Abbildung des Propheten im Islam tabu
Im Islam dagegen sei die Abbildung des Propheten ein striktes Tabu. "Es ist eine Schnapsidee der Zeitung, Zeichner aufzurufen, Mohammed abzubilden", ging Haderer mit der dänischen Zeitung "Jyllands-Posten" hart ins Gericht. Die Reaktion der Moslems sei absehbar gewesen.
Eigenverantwortung und Anstand
Grenzen künstlerischer Freiheit existierten, so Haderer. Diese hätten mit Eigenverantwortung und Anstand zu tun. Allerdings würde er sofort protestieren, wenn es Verbote gäbe. "Jetzt, wo das Kind mit dem Bad ausgeschüttet ist, bleibt uns nichts anderes mehr übrig, als sich konsequent hinter die Künstler zu stellen."

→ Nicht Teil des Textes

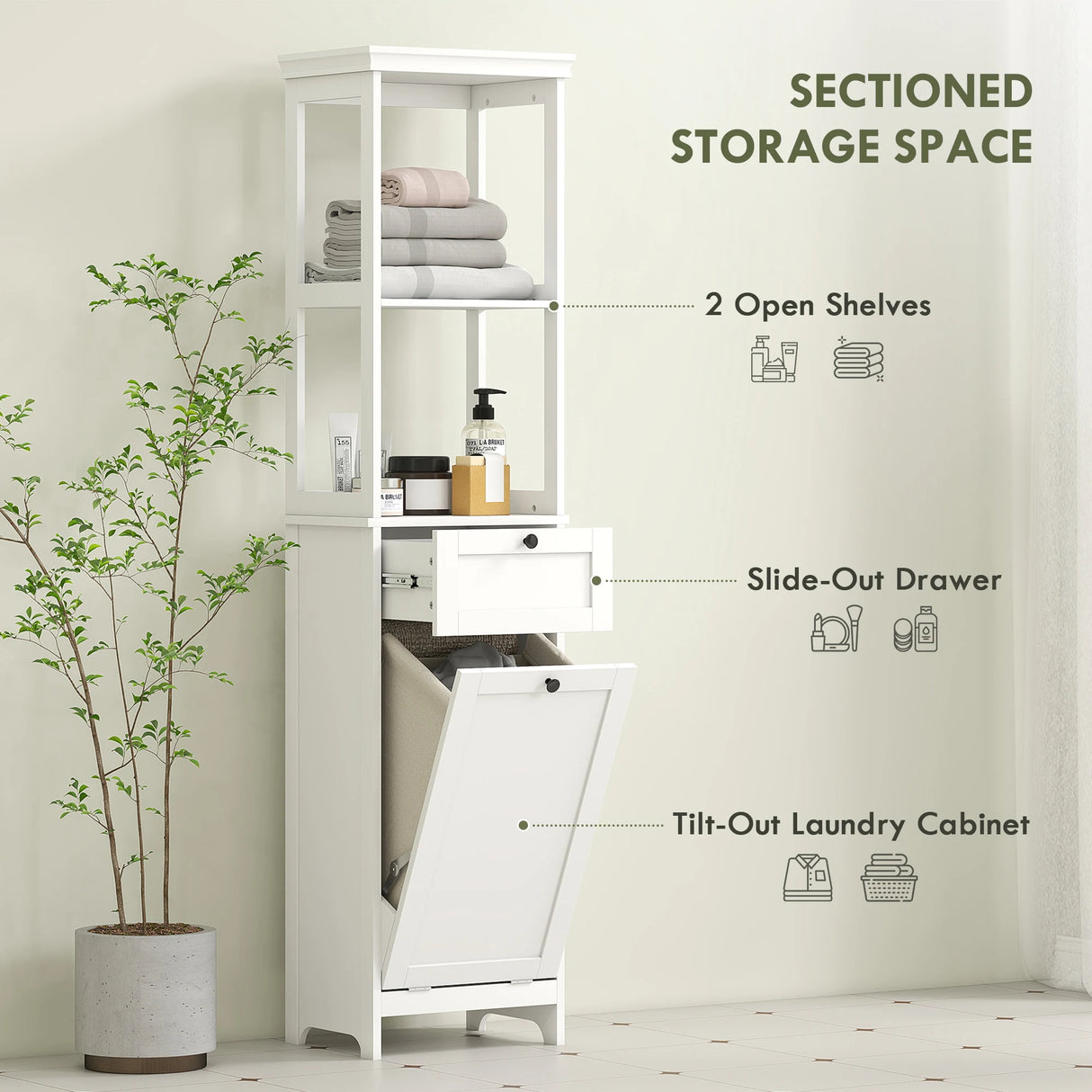 HOMCOM Tall Bathroom Cabinet, with Laundry Basket - White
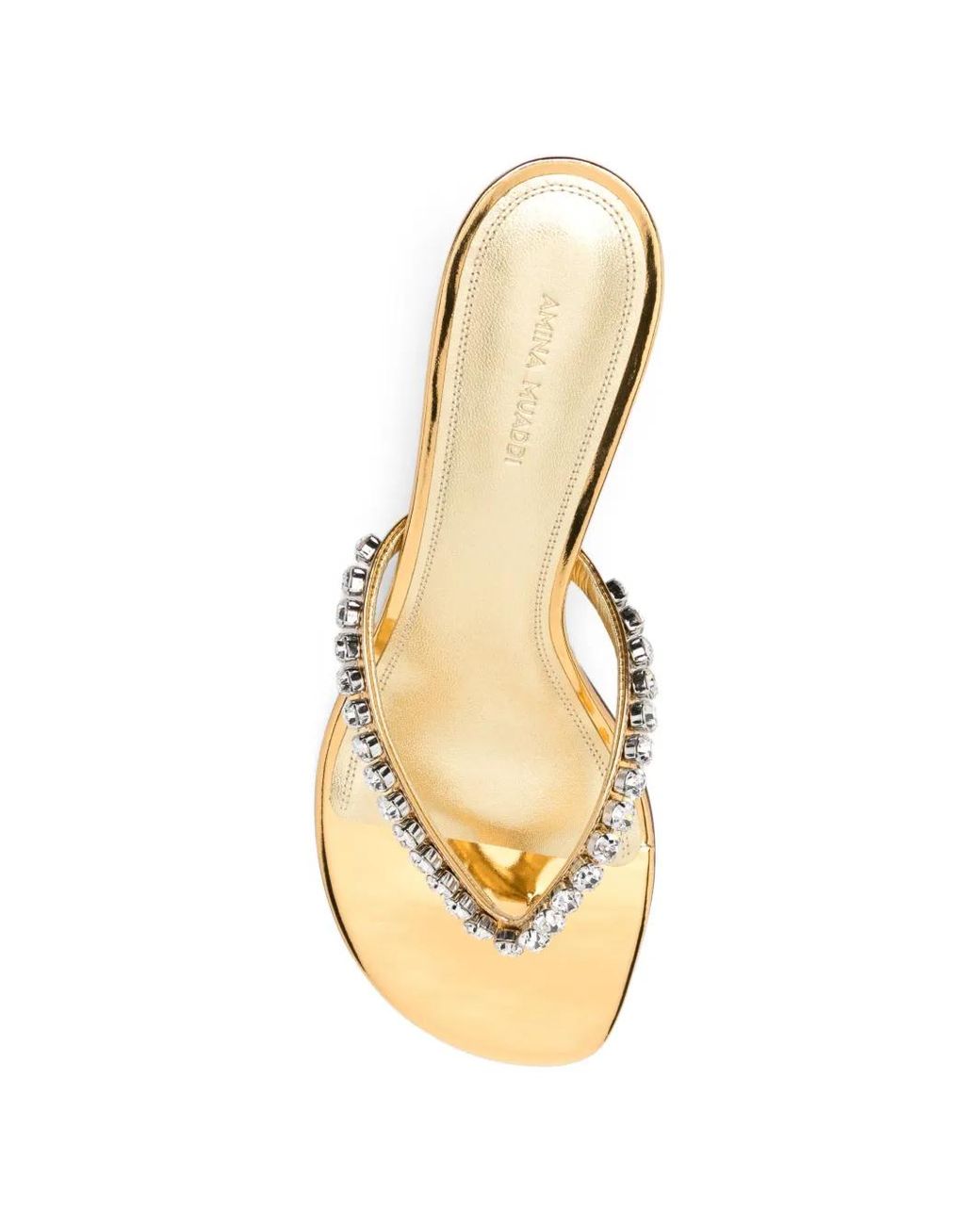 AMINA MUADDI Natural Gigi Crystal-Embellished Heeled Sandals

Haderer - Das Leben des Jesus Diskussionen über Jesus-Buch
Seine Jesus-Karikaturen begründete in der "Oberösterreichischen Rundschau" damit, dass es im Christentum kein Bilderverbot gebe. "Es hat seit Jahrhunderten mehr oder weniger verkitschte Jesus-Abbildungen gegeben", sagte Haderer. Sein Jesus-Buch hatte vor vier Jahren zu heftigen Diskussionen geführt.

Kritik von Schönborn
Kath.net zitiert in diesem Zusammenhang den Wiener Erzbischof Kardinal Christoph Schönborn, der damals erklärt hatte: "Ich schäme mich vor Menschen anderer Kulturen und Religionen: Welchen Eindruck müssen sie von einer Gesellschaft haben, die schweigend oder gar witzelnd einen solchen Umgang mit dem Stifter jener Religion hinnimmt, die das Antlitz dieses Landes zutiefst geprägt hat? Ohne Ehrfurcht vor dem Heiligen wird bald uns Menschen nichts mehr heilig sein, auch nicht der Nächste."